I have very fond memories of watching Will Vinton’s “Claymation Christmas” on CBS back when it premiered in the late eighties. At the time Vinton’s “California Raisins” mascots were still prominent in America, and I fondly recall my cousins owning some of the toys from the brand. Though the characters themselves were lukewarm mascots, I still loved Vinton’s “Claymation Christmas.”

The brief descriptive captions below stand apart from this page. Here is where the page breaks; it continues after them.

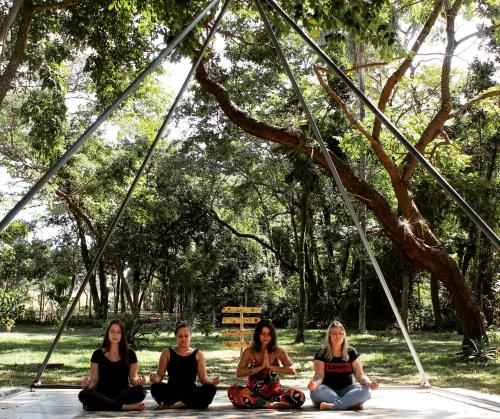a group of women sitting on the ground in a park at Gaia Hospedagem Holística in Brotas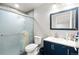 Bathroom featuring a glass shower, blue vanity and a sink with a large framed mirror at 16673 E Kent Dr, Aurora, CO 80013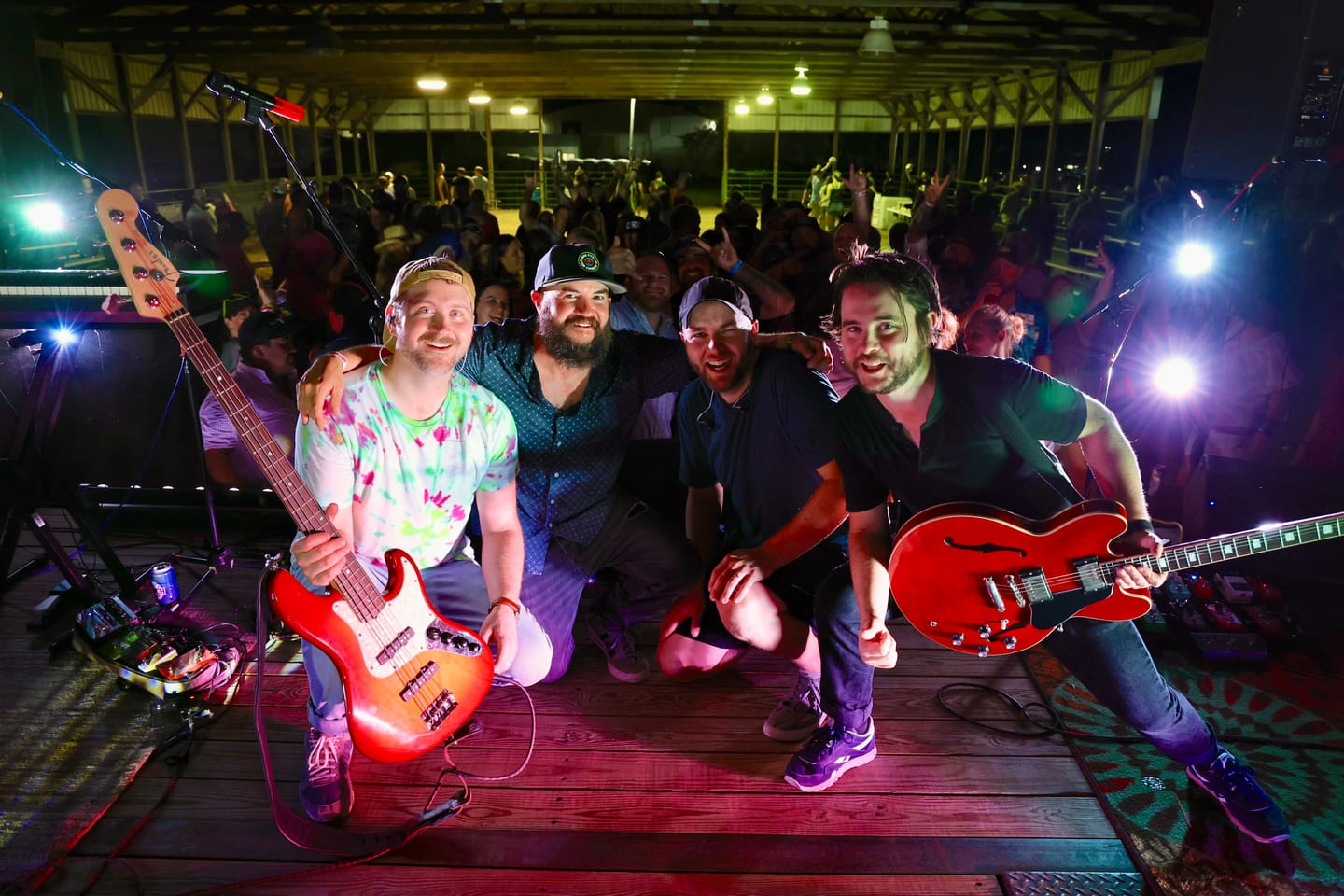 The four members of Bad Friends crouched at the front of a wooden stage with their guitars, crowd behind them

Vinton brings much of his trademark bizarre humor to the forefront, as “Claymation Christmas” celebrates the pagan, celtic, and Christian ceremonies associated with Christmas. Hosted by two dinosaurs that strongly resemble Siskel and Ebert, they orchestrate a series of segments in a town’s square in front of a Christmas tree, while trying to figure out what the song “Here We Come a-Wassling” means. The segments by Vinton are very diverse and unusual, opting for a more soulful and comedic series of moments than telling a story. In one segment, the three wise men sing “We Three Kings” in front of the manger, while their camels sing a soulful rendition of the song.

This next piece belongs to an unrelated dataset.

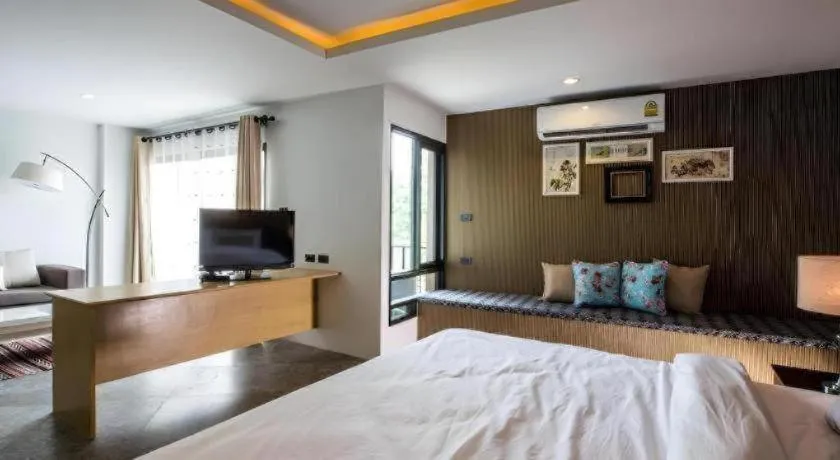 Bed in M Boutique Resort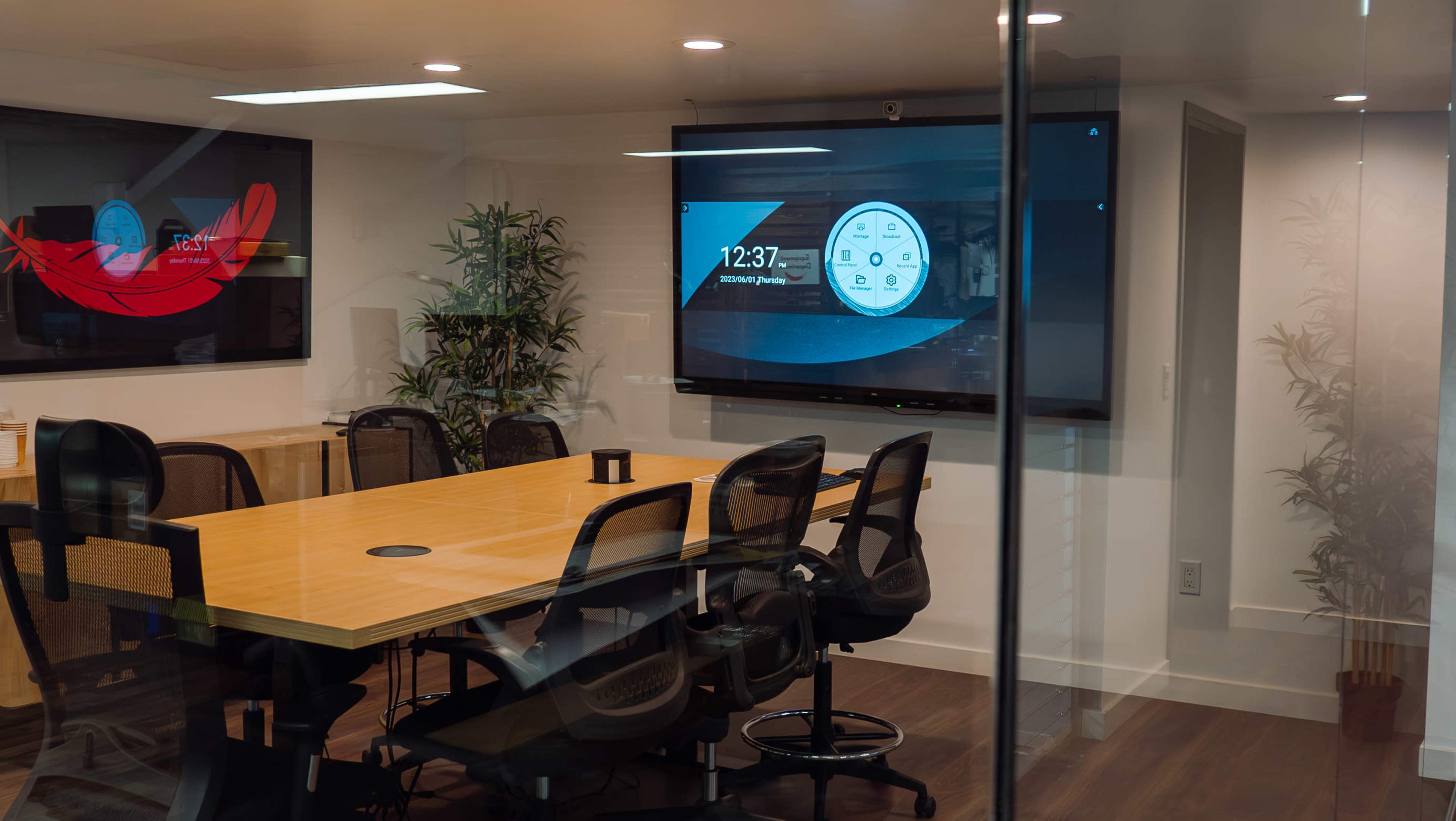 A conference room features a long wooden table surrounded by chairs, with digital screens displaying the time and a circular interface on the walls.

“Joy to the World” nods to the African American traditions surrounding Christmas, and there’s even an appearance from the California Raisins all of whom sing the Temptations version of “Rudolph the Red Nosed Reindeer.” My favorite segment is “Carol of the Bells” where Quasimodo conducts an all bell version of the song with live bells, one of whom is a goofy slacker that ticks off the conductor with his flat tune. Vinton’s Christmas special is one of the more creative and original takes on the Christmas celebrations, and one of the last remnants of claymation on television. It’s a shame this was never kept on television as a yearly tradition, since Vinton’s own animated style is so subversive and gives the Christmas festivities a needed surrealism.